TAITMAIL Arts in print – a critical juncture

By Patrick Kelly

A tweet from a frustrated music critic announces the shrinking of arts coverage in the venerable Glasgow daily, the Herald.

This is a sad day on so many levels. First, because the Herald has traditionally been one of those (what used to be called regional newspapers until devolution) that prided itself on its comprehensive coverage of the arts world, both in Scotland and in the UK.

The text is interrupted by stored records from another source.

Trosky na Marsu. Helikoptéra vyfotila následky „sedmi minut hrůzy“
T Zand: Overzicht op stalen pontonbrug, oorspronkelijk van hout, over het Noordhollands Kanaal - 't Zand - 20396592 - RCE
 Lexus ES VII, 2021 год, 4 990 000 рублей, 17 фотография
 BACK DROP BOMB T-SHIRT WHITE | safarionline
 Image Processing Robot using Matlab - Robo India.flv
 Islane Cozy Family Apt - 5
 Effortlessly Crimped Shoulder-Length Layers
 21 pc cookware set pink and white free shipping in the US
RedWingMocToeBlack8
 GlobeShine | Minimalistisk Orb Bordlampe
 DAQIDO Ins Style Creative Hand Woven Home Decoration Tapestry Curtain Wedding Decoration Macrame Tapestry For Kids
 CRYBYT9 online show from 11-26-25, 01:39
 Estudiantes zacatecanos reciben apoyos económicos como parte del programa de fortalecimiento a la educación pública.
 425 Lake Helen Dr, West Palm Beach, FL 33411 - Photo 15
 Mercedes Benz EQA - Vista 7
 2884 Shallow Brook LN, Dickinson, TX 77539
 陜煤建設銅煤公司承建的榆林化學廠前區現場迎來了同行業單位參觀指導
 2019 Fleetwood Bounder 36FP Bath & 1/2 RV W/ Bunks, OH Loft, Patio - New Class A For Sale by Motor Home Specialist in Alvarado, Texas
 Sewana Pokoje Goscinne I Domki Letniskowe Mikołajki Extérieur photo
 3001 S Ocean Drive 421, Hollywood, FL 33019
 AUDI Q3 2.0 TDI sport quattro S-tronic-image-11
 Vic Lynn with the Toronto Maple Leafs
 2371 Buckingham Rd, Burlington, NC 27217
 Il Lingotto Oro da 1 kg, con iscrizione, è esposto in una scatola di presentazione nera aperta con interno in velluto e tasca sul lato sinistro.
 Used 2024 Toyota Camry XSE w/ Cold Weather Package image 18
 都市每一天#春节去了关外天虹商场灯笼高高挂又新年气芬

Secondly, because it cements the attitude, now growing in the boardrooms of the print media, that the arts is a frippery, a decoration. If pagination has to be cut because of falling advertising revenue, so the argument goes, then arts pages could go first. After all, readers will still look to their newspaper for their regular diet of national and international news, rather than search out a review of the latest theatre production or music concert. Heaven forbid that the same logic might apply, say, to the column inches devoted to motoring, or the farming supplement, despite the fact that the creative industries now outrank both the car industry and agriculture in terms of contribution to GDP.

Nevertheless, as local, regional and national newspapers are buffeted by the storm of the Internet, which has purloined their readers and savaged their advertising revenue, the arts have been amongst the first casualties. As staff numbers have shrunk, critics have been fired or their contributions and wages cut. From the Boston Globe to the Billericay Bugle, the story has been the same.

Still, you may wonder what the problem is. Isn’t all journalism, including arts journalism, moving online? Readers desperate to get their fix of film reviews or first night reviews can migrate to the Web. Why can’t the old buffers lamenting the old days over their glass of claret join everybody else on the Internet?

There are two problems with this view. Firstly, the argument that “we are all critics now” ignores the fact that the sheer scale of the Internet and the cacophony of voices it engenders make it impossible to navigate successfully. How can you tell which of the many voices is paid to promote their film, play or CD? Much of what passes for reviews is a disguised form of marketing and in the online free-for-all, it’s almost impossible to tell who or what is paying the piper.

Secondly, too much of the critical opinion on the internet is little more than an endless array of niche interests, algorithmic predictions and quick-hit popularity contests. The sheer speed of the Internet compounds the problem, creating a hunger for easily consumed and highly disposable content and eliminating long-form reviews and criticism. Everything must either be amazing or terrible to ensure click rates. Work must be “liked” or “disliked”, thumbs up or thumbs down. But no art is entirely awful or entirely perfect. Writing critically requires detail and nuance, something the online world finds difficult to grasp. Real arts criticism sparks a discussion, not a din.

The good critic also shows the reader what is going on in a given discipline by writing about every possible side of it, details about the context of a symphony, about the composer’s other work. This extra information also plays its part in a reader’s decision whether to spend some of their hard-earned cash on an evening out. Reviews, think pieces and features can be seen as companion pieces to a work of art. They can provide a deep dive into the culture of the moment and provide meaningful insight.

So hats off to those who do try to provide this kind of approach online. Like the team at the artsdesk.com, who continue to provide thoughtful, informative reviews on every conceivable artform; or Libby Purves, former drama critic of The Times, who responded to her removal from that newspaper’s arts pages by setting up the estimable theatrecat.com, where she continues to provide insightful first night reviews.

But even these efforts can’t substitute for the breadth of arts coverage that is needed if we are to hear from the unusual, radical, or off-the-wall voices in the arts. West End plays and big name musicians will always find their way into the pages of the major newspapers. But what about the work of regional and local artists, the small galleries, theatres and music venues? It is critics, those “cut-throat bandits” as Robert Burns once characterised them, who chronicle the local punk rock dive or arthouse cinema, improv troupe or weekly poetry slam and bring them to the attention of the mainstream. Call them readers, call them consumers, but people are interested in nuanced, complex and even difficult art. But mostly they have neither the time nor the resources to hunt it out. Who else will find it for them?

Finally, art needs coverage because it defines us as human beings. A newspaper with arts coverage reduced to a calendar of events or a rehashing of press releases is not reflecting who we are. It’s time that the media boardrooms recognised that.